Parameter Type Default Description Constraints
numeric_dim usize / int Required Number of numerical features in each record At least one of numeric_dim or categorical_dim must be > 0
categorical_dim usize / int Required Number of categorical features in each record At least one of numeric_dim or categorical_dim must be > 0
num_rows usize / int 2 Number of hash rows Must be > 0
num_buckets usize / int 1024 Number of buckets per hash row Must be >= 2
alpha f64 / float 0.8 Temporal decay factor Must be finite and in (0.0, 1.0)
seed u64 / int random Optional seed for deterministic hashing None

Implementation choices

MStream keeps the core mStream sketch layout, while making a small number of practical implementation choices for library use:

  • Real-valued features are normalized with asinh(x) so that all finite signed numerical inputs are supported, including values at or below -1. The paper applies log(1+x), which is only defined for x > -1.
  • Categorical hashing uses seeded ahash instances.
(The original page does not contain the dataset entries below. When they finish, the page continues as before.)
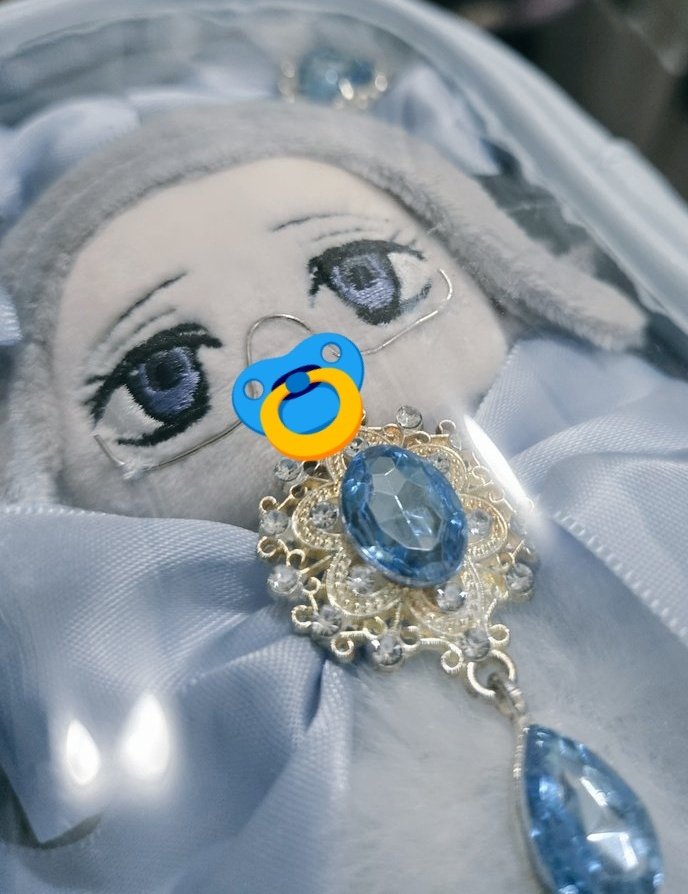 rinkouashelia's tweet photo. Eito nui please eat your morning pacifier https://t.co/wscZt3l4eZ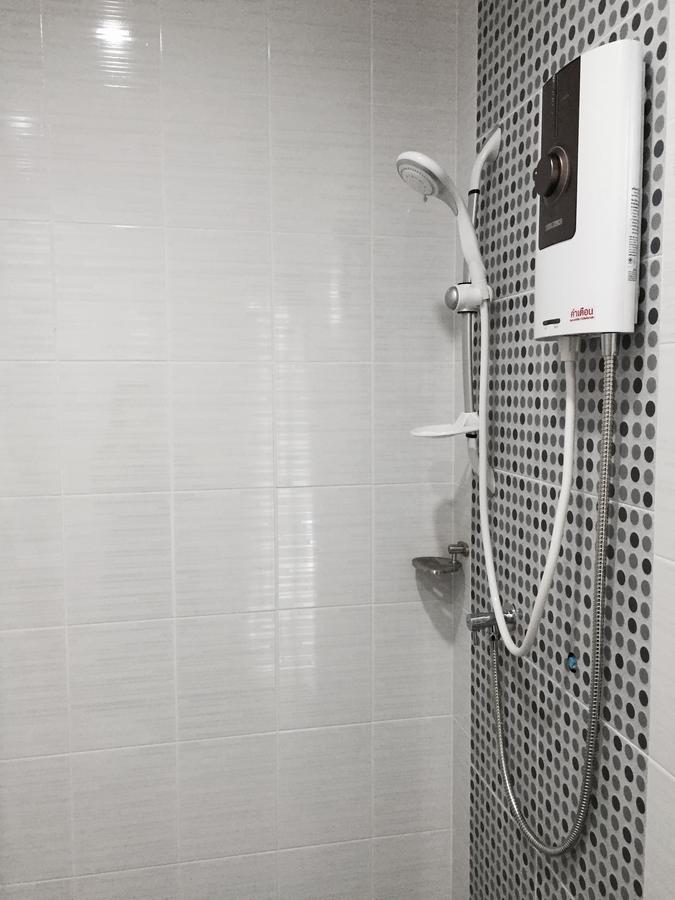 Avenue Residence Nakhon Si Thammarat Esterno foto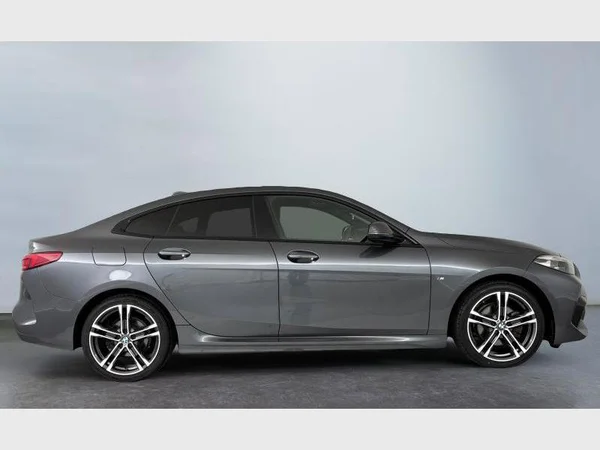 BMW 2 Gran Coupé (2020) — foto 9 van 15
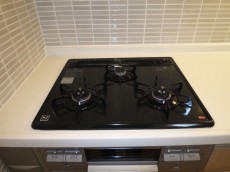 カウンター付のシステムキッチン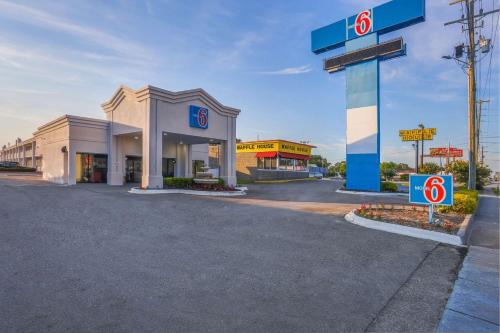 Jacksonville Hotel | Budget-Friendly Motel 6 in Jacksonville, NC with Pool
The paper describes arithmetic linear hash functions; this library uses ahash because benchmark runs were faster with it while keeping the per-row hash layout deterministic from the detector seed.

Timestamp semantics

timestamp is a logical tick index, not wall-clock time. Only differences between timestamps matter.

  • shifting all timestamps by a constant leaves scores unchanged
  • a gap of k ticks applies the temporal decay factor alpha exactly k times
  • timestamps must be positive and monotonically non-decreasing

For batched stream ticks, pass the same timestamp for all records in the same tick, then increment it when the stream advances.

Rust API

Creating a detector

use rcf3::MStream;

let mut detector = MStream::builder(2, 1)
    .alpha(0.8)
    .num_rows(2)
    .num_buckets(1024)
    .seed(7)
    .build()?;

Update and preview scoring

Use update_and_score when you want to ingest the event and receive its anomaly score:

let score = detector.update_and_score(&[1.5, 2.0], &[7], 1)?;

Use score to preview what the next inserted record would score without mutating detector state:

let preview = detector.score(&[1.5, 2.0], &[7], 2)?;
let committed = detector.update_and_score(&[1.5, 2.0], &[7], 2)?;
assert_eq!(preview, committed);

Use update when you want to ingest without returning the score.

Detailed scores

The final score is the sum of one record-level contribution plus one contribution per numerical and categorical feature:

let detailed = detector.score_detailed(&[1.5, 2.0], &[7], 3)?;
assert_eq!(detailed.numeric_features.len(), 2);
assert_eq!(detailed.categorical_features.len(), 1);

MStreamScore contains:

  • total
  • record
  • numeric_features
  • categorical_features

Use update_and_score_detailed when you want that decomposition for a committed insert.

Status accessors

assert!(detector.is_ready());
assert_eq!(detector.entries_seen(), 2);
assert_eq!(detector.current_time(), Some(2));

is_ready() becomes true after the first processed record.

Serialization

With the serde feature enabled:

let json = detector.to_json()?;
let restored = MStream::from_json(json)?;

With both serde and std enabled, file helpers are also available:

detector.save_json("mstream.json")?;
let restored = MStream::load_json("mstream.json")?;

Practical example

use rcf3::MStream;

let mut detector = MStream::builder(2, 2)
    .seed(2026)
    .num_buckets(512)
    .build()?;

let normal = detector.update_and_score(&[0.0, 3.2], &[1, 10], 1)?;
let suspicious = detector.score_detailed(&[12.0, 0.3], &[99, 10], 2)?;

println!("normal={normal}, suspicious={}", suspicious.total);
println!("failed-attempt contribution={}", suspicious.numeric_features[0]);
println!("country contribution={}", suspicious.categorical_features[0]);

Python API

Creating a detector

from rcf3 import MStream

detector = MStream(
    numeric_dim=2,
    categorical_dim=1,
    alpha=0.8,
    num_rows=2,
    num_buckets=1024,
    seed=7,
)

Update and preview scoring

score = detector.update_and_score([1.5, 2.0], [7], 1)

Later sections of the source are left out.